A few days ago, I stumbled upon Psalms 30:2. In it David says to the Lord, ”O Lord my God, I called to you for help and you healed me.” Usually, I would have interpreted this as physical healing but this verse spoke to me and reminded me in what ways has God healed me in the past couple of months. He has healed me from stress, anxiety, worry, and doubt. In addition, even when I did not see what was lying ahead (apartments, baby’s health), God was taking care of it. He healed all the cracks that were in my life. And although, there are still many uncertainties in what lies ahead, somehow, based on what has happened in these past months, I know that God has got it covered. Thank God that we can cast all our worries upon Him. I am so grateful to Him and what He has done.

I hope that my experience can reassure you that no matter how many problems or uncertainties you have in your life, that God has it covered. God Bless You!

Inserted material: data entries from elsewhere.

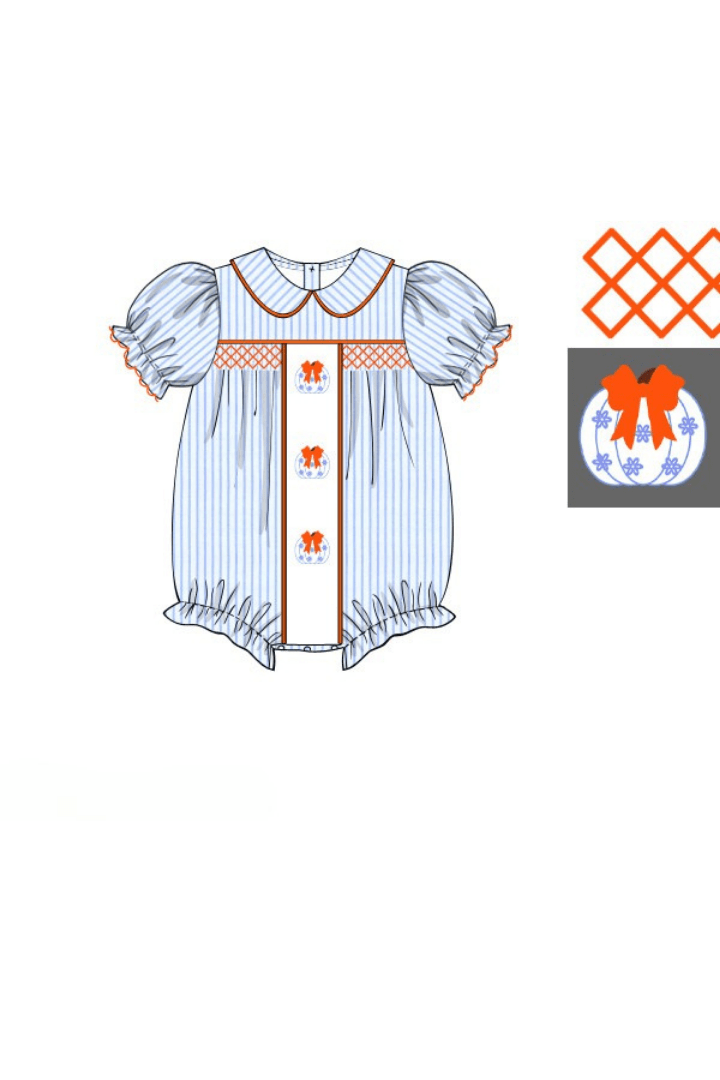 The Smocked Flamingo Apparel & Accessories Pre-Order Smocked Blue Pinstripe Pumpkin Bubble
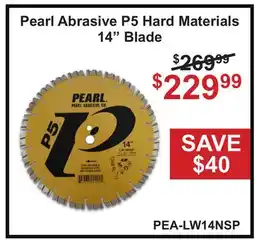 Atlas Tools & Machinery Pearl Abrasive P5 Hard Materials 14 Blade offer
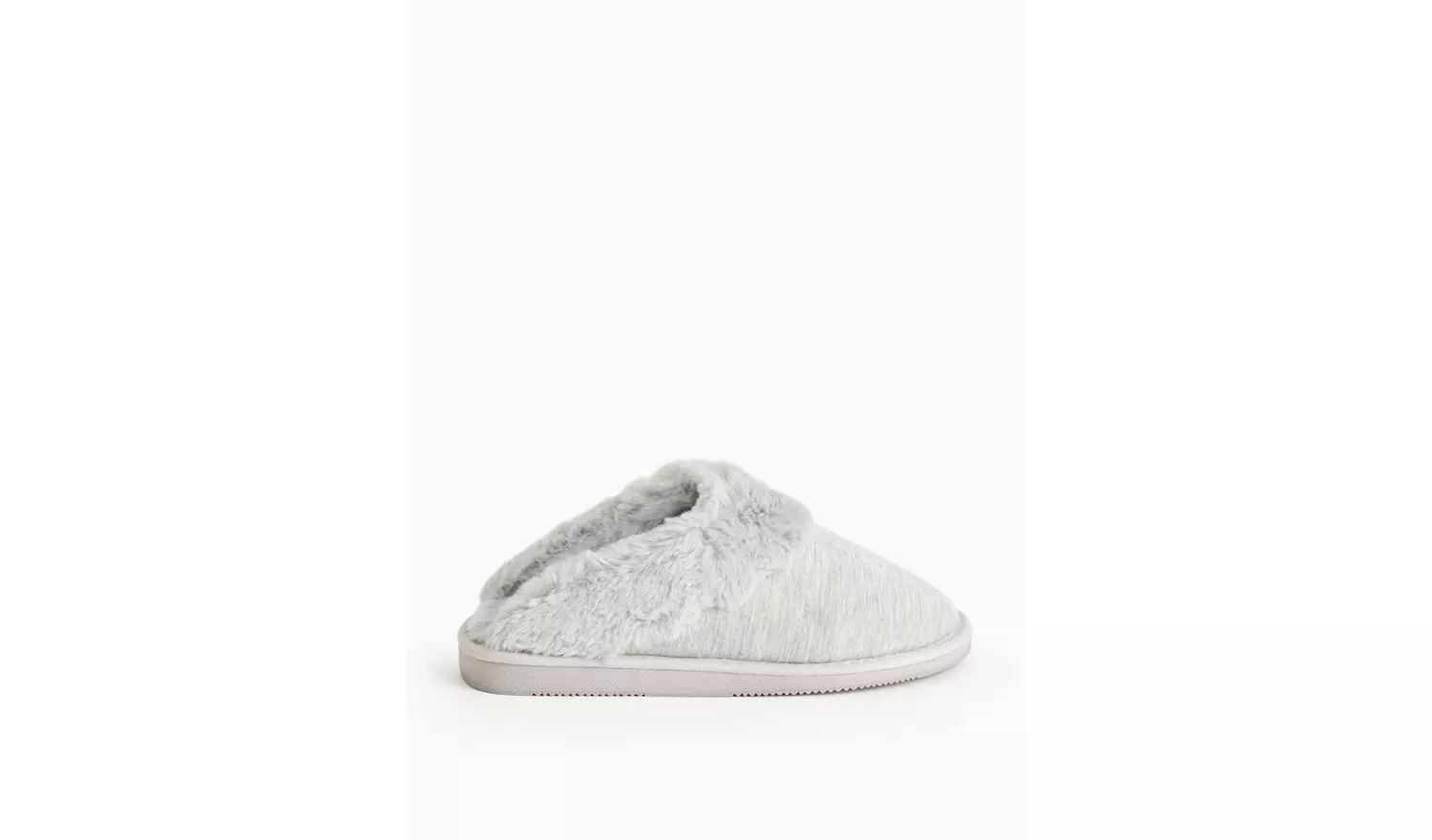 Grey Jersey Faux Fur Cuff Mule Slippers L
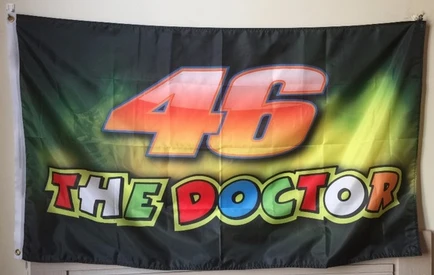 VALENTINO ROSSI 46 Flag 46 The Doctor Flag-3x5 FT Banner-100% polyester by flagsshop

Monday, September 13, 2010

God: My Healer, My Helper (Part 2)

Along with the decision of keeping the baby, came the decision of having a responsible life. Now, we had to move to a bigger apartment, we couldn’t delve into the additional expenses we used to have. And our jobs, well, we had to pretty much “suck a lemon” and deal with it. We are still unhappy with our jobs but now, money is essential for the baby so we are not in the position to complain. I cried at this realization: “I am giving up my dreams and dream-job for my child.” This may not be something that is critical for others, but it was for me. I had worked really hard at school to have the “luxury” of looking for a job I liked. Now, I don’t have that privilege. Our first priority was to seek a bigger apartment or townhome. We did an extensive search for about a month and a half and had found a really nice townhome that we wanted. We liked the area, the price was a bit higher but was do-able. We even got pre-approved to rent the townhome. However, as we were doing budget and considering the costs of having a child, we realized that this price was not reasonable for our family. So, we asked the owners if they were willing to take the price down. For 2 weeks, we received no answer. Anyone, could safely assume that the owners hesitated on our request.

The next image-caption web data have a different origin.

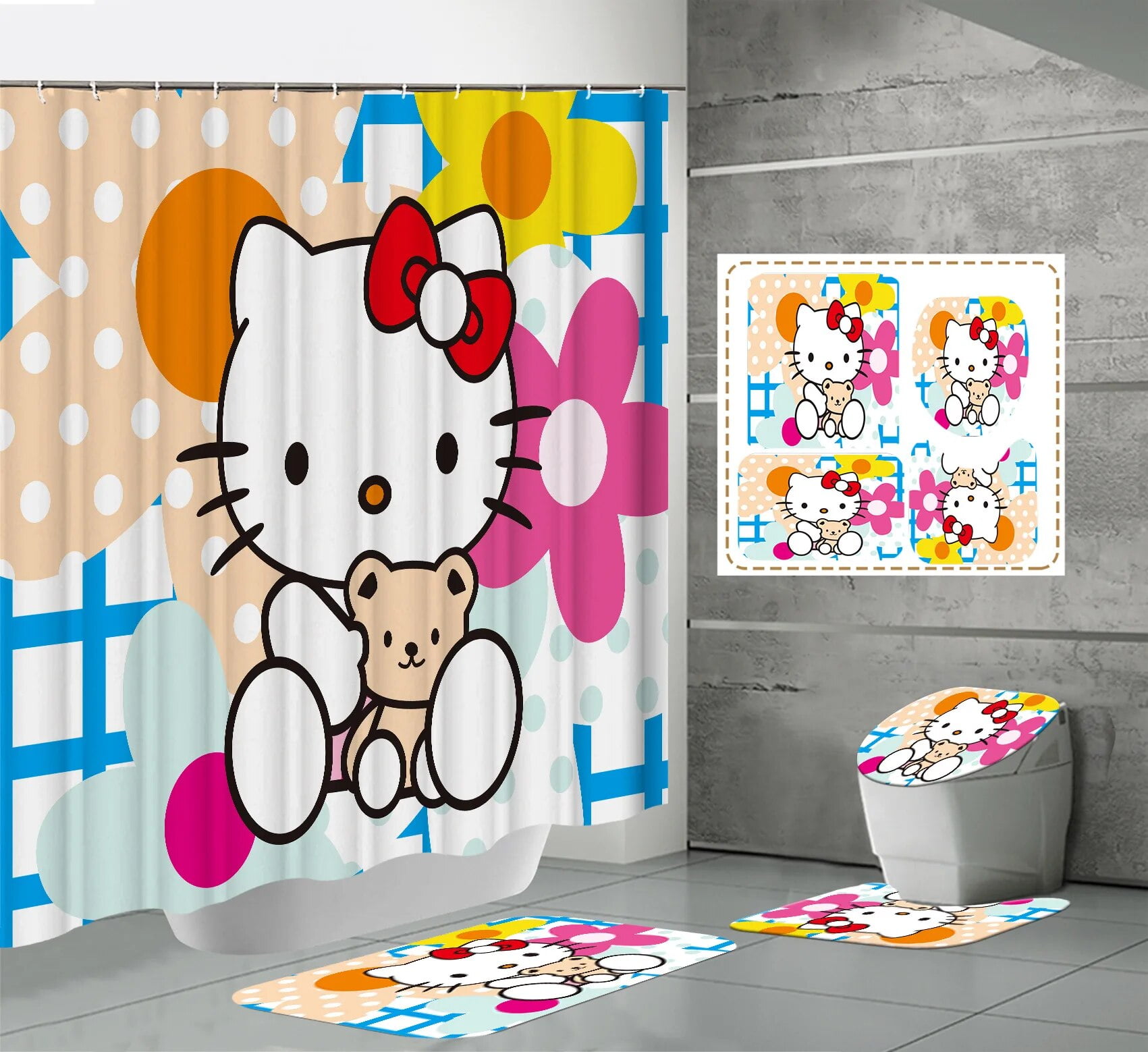Hello Kitty Shower Curtain Four Piece Set Sanrio Anime Kit Printing ...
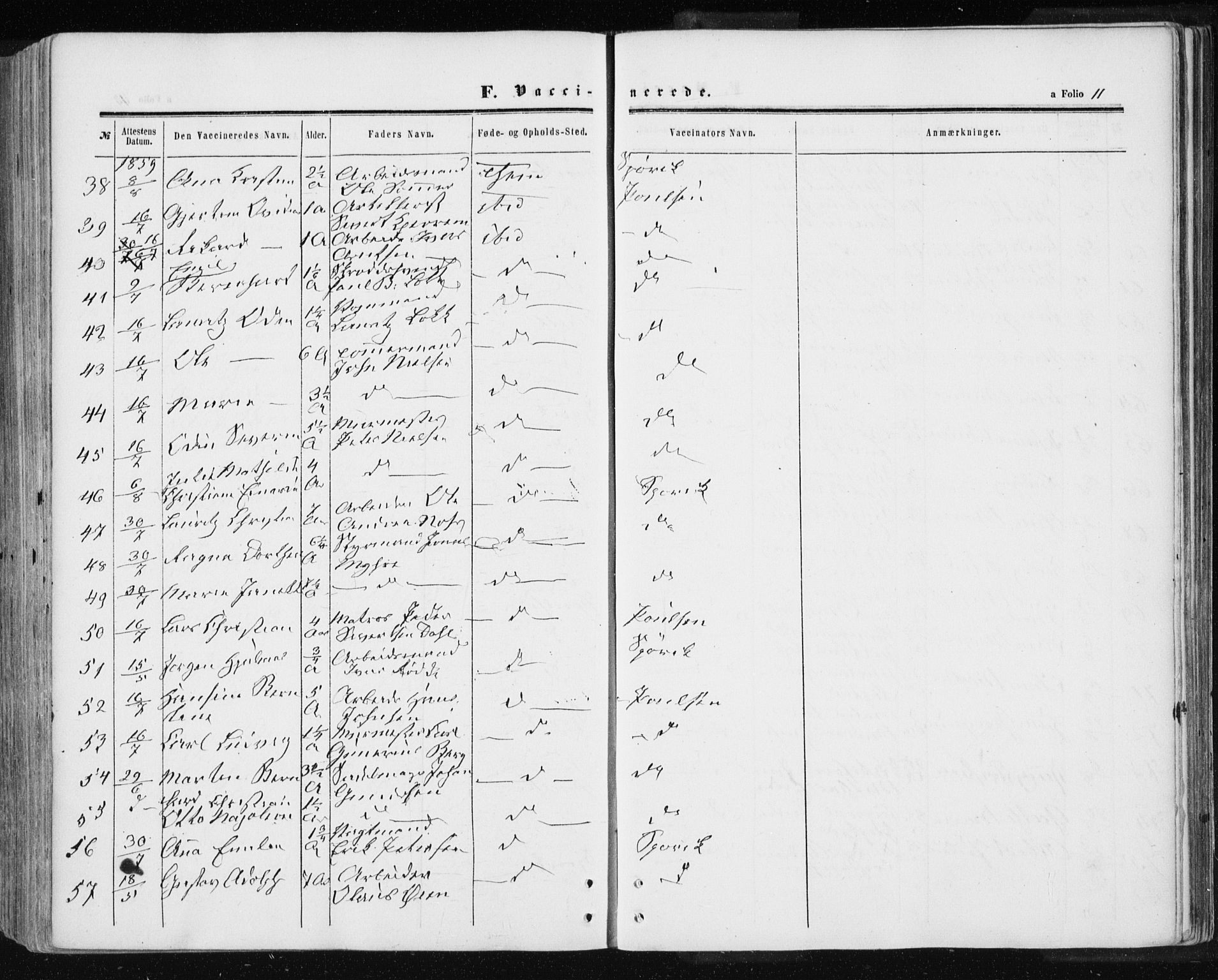 Ministerialprotokoller, klokkerbøker og fødselsregistre - Sør-Trøndelag, SAT/A-1456/601/L0053: Ministerialbok nr. 601A21, 1857-1865, s. 11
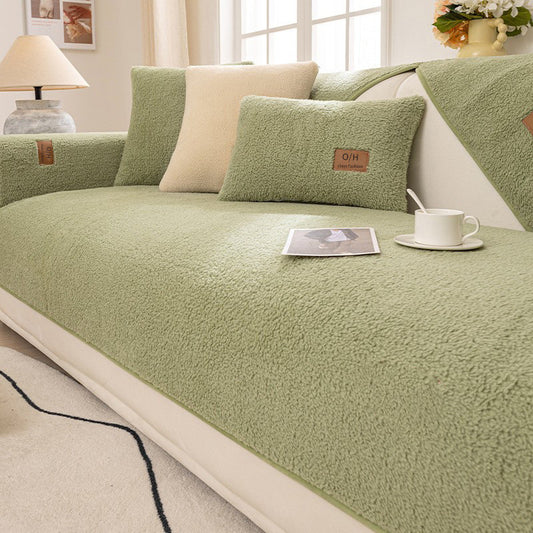 Fashion Simple Solid Color Winter Lambswool Sofa Cushion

We decided that maybe we should start the search again, in case the owner’s answer was “No.” We began searching. Day in and day out for another 2 weeks, we looked at apartments. However, none of them were available. I was begin to get anxious. I was dealing with a stressful working environment (let’s just say that my pregnancy was not well received by everyone) and the realization that in less than 3 weeks we would be homeless. I cried and asked God to help but everywhere I went, another door closed. Door after door, I got more and more anxious. Finally, I broke down. I said to God, “All right, you win. I have tried everything in my power and I can’t find anything. I give up.” That same day, I decided to call my sister. She found an announcement for an apartment available only for that day. I went and a few hours later, I signed the lease to our new apartment! Glory be to God!